◆ What this task involves: Could you reproduce the lines below from the one with "Listing Agent of" through the one with "Teach Your Kids"? Keep both ends and add nothing.

◆ Provided information:
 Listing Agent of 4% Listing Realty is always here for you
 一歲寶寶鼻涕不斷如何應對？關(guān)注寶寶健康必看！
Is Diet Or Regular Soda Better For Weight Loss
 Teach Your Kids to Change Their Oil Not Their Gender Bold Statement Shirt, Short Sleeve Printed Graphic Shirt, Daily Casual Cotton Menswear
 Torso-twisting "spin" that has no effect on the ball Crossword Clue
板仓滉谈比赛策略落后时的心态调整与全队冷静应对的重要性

* * *

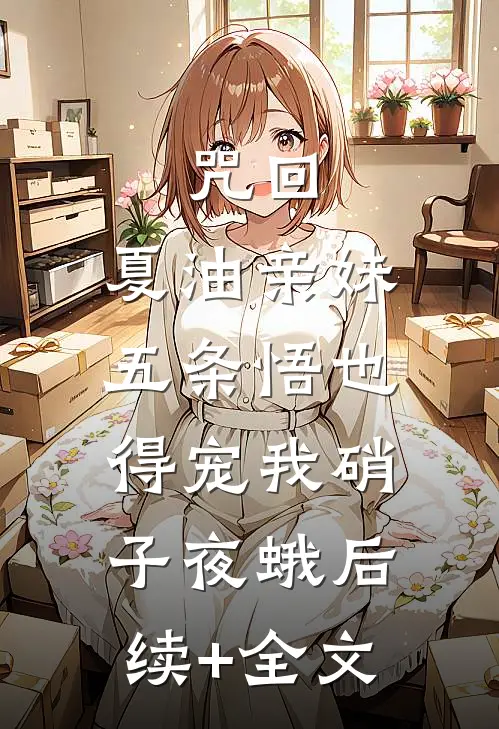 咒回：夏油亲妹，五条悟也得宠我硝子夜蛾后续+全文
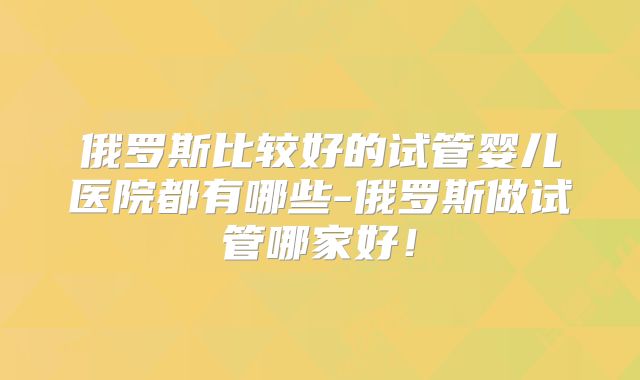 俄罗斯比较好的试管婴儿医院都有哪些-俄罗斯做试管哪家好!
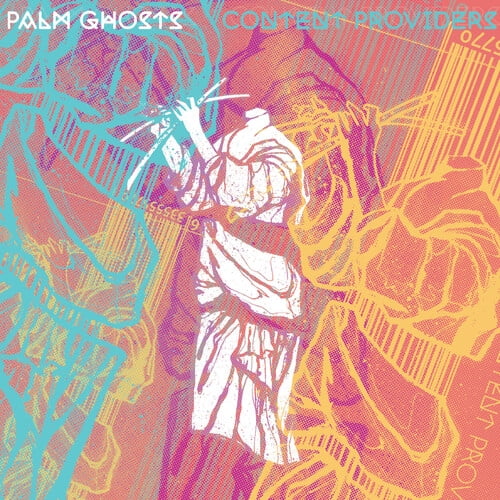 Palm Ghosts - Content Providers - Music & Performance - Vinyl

◆ Answer area:
 Listing Agent of 4% Listing Realty is always here for you
 一歲寶寶鼻涕不斷如何應對？關(guān)注寶寶健康必看！
Is Diet Or Regular Soda Better For Weight Loss
 Teach Your Kids to Change Their Oil Not Their Gender Bold Statement Shirt, Short Sleeve Printed Graphic Shirt, Daily Casual Cotton Menswear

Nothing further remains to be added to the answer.